__Required work__.
Find the line that holds "Used 2025 White Buick Preferred image 23" in the material below. Output that line and each one after it exactly, but not the pictures.

__Data records__.
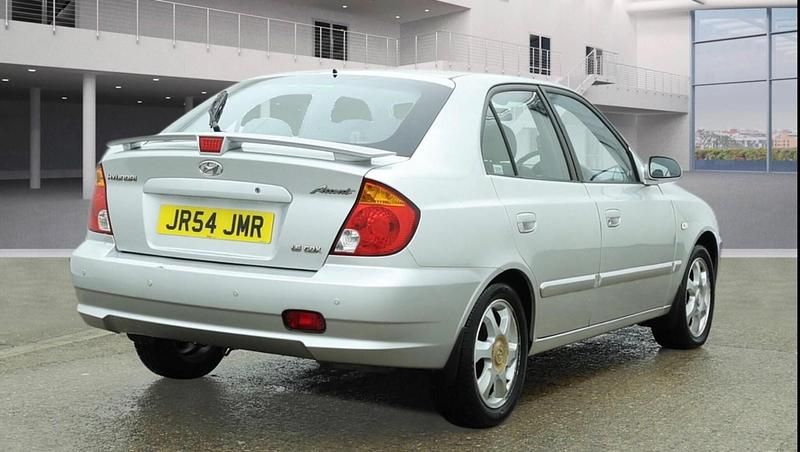 Used Hyundai Accent 2005 Silver Hatchback
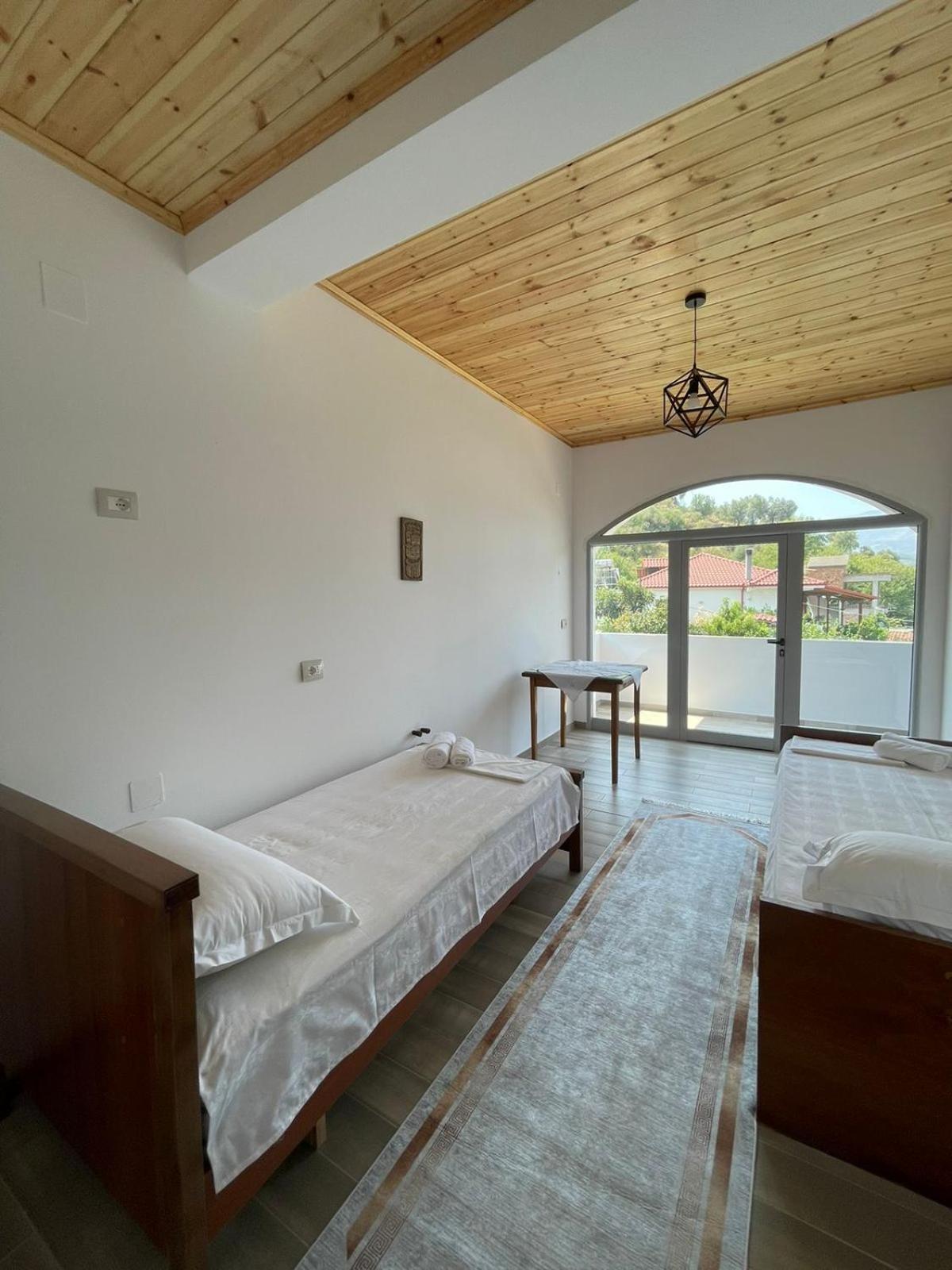 Georgemishel Guest House Berat Extérieur photo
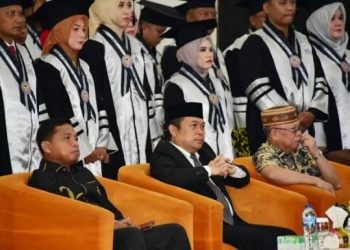 Penjagub Ismail Pakaya didampingi Wakil Ketua DPRD Provinsi Gorontalo menghadiri Rapat Senat Terbuka Luar Biasa dalam rangka wisuda program sarjana dan magister UNBITA, yang berlangsung di Hotel El Madinah, Kota Gorontalo, Sabtu (16/12/2023). Foto – Fadil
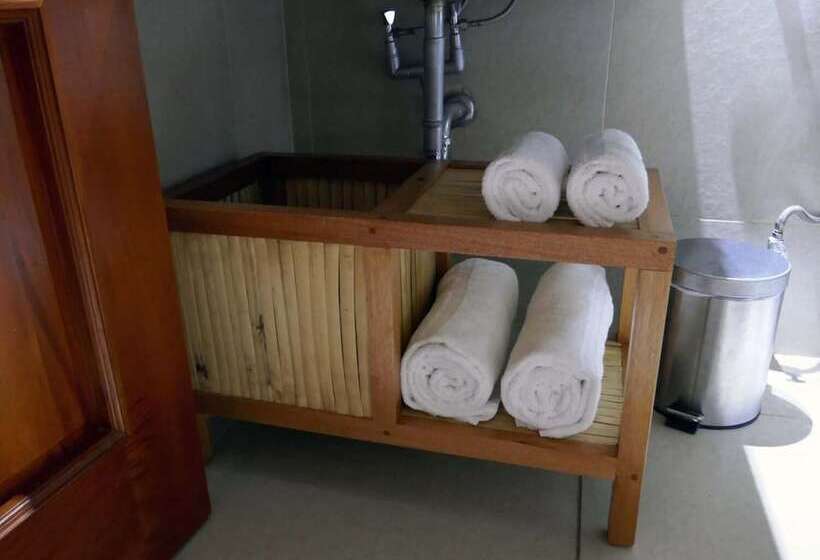 هتل Casa Vínculos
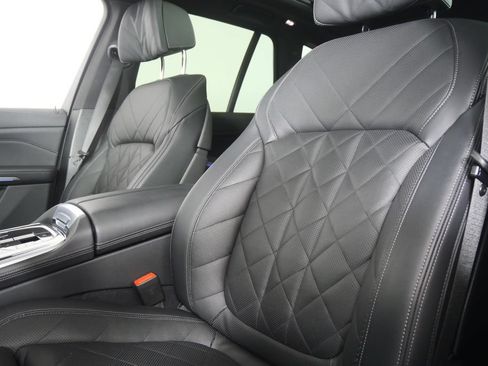 Certified 2025 BMW X5 M60i w/ Climate Comfort Package AWD/4WD image 10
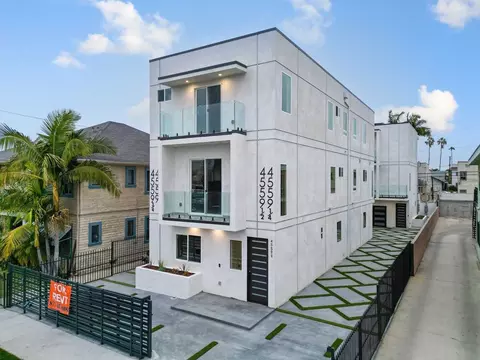 4559 W 18th St, Los Angeles, CA 90019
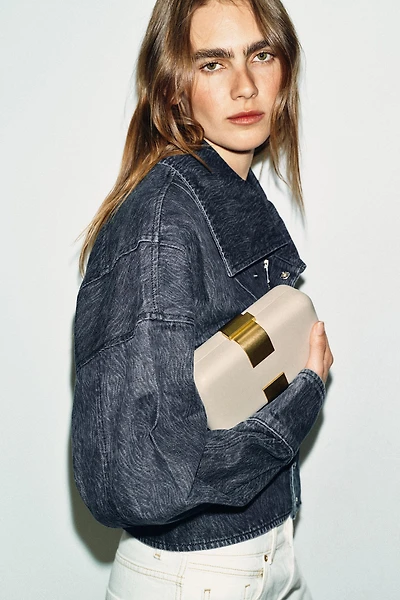 METAL DETAIL CLUTCH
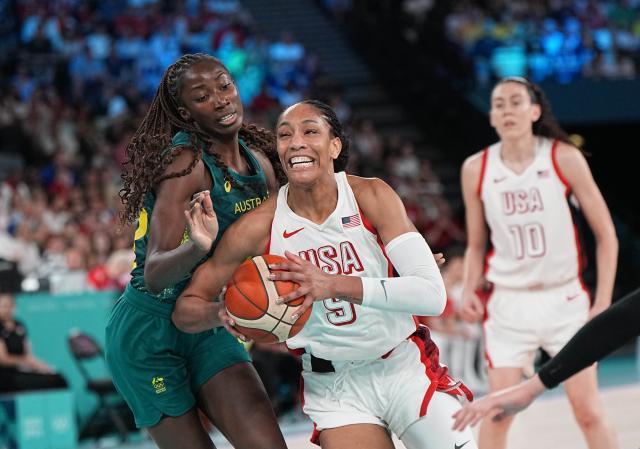 1723342614416085281.jpg 巴黎奥运会丨篮球——女子半决赛:美国队晋级决赛XxjpseC008951_20240810_MVPFN0A001.jpg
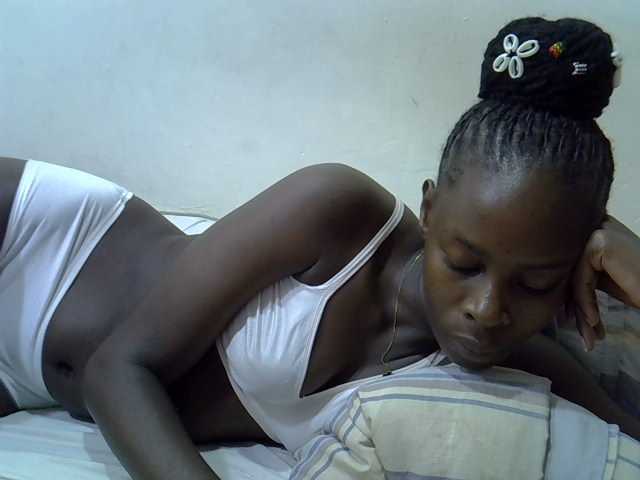 Sweetpussie live webcam show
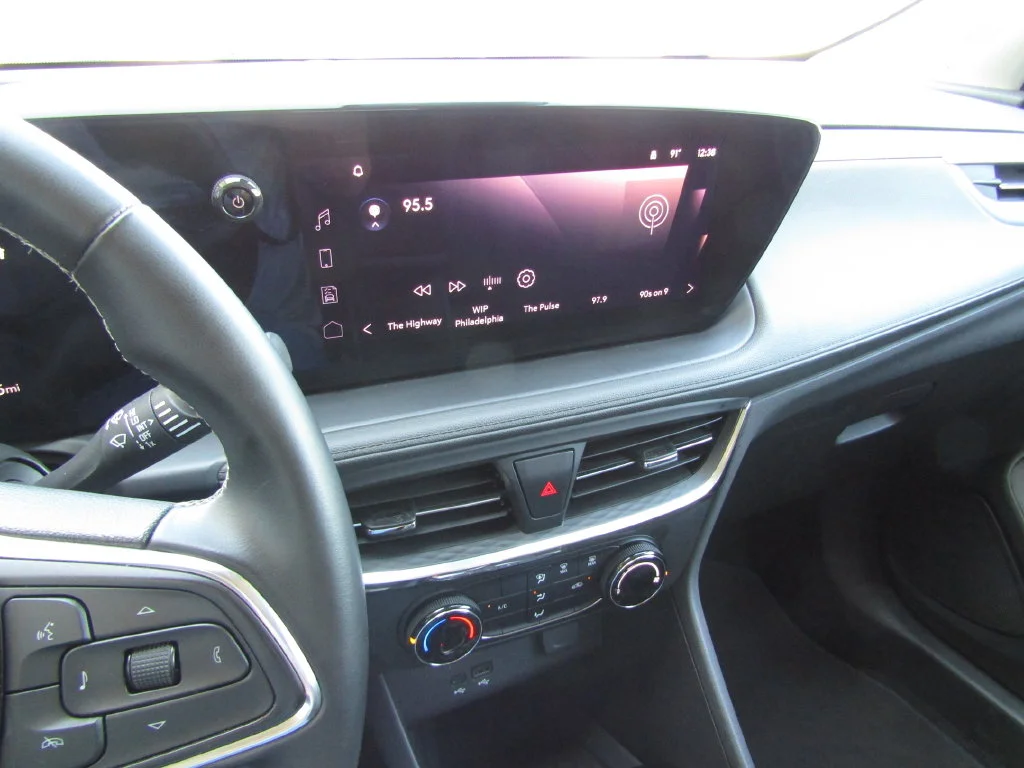 Used 2025 White Buick Preferred image 23
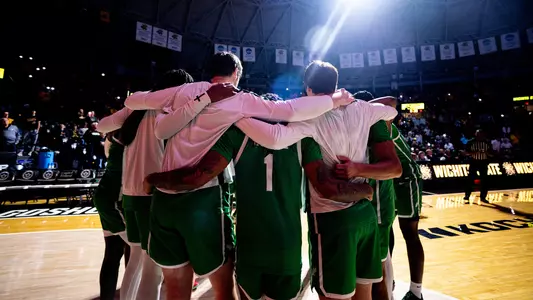 Men's Basketball Huddle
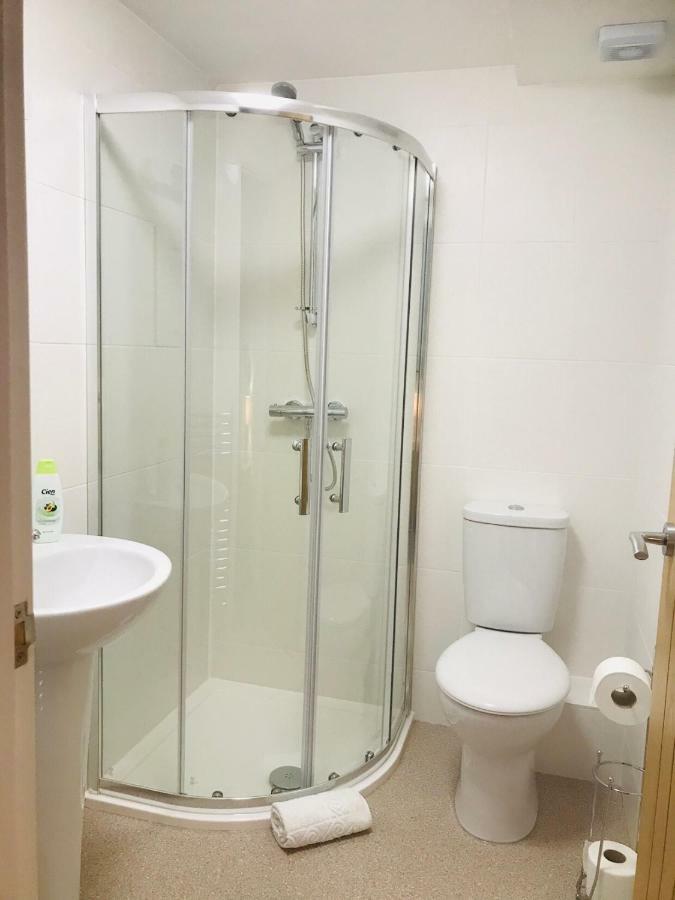 Beautiful Apartment,No 1, With Parking Ilfracombe Dış mekan fotoğraf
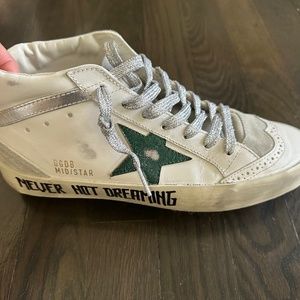 Brand new Golden Goose mid star classic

__Response for this exercise__.
 Used 2025 White Buick Preferred image 23
 Men's Basketball Huddle
 Beautiful Apartment,No 1, With Parking Ilfracombe Dış mekan fotoğraf
 Brand new Golden Goose mid star classic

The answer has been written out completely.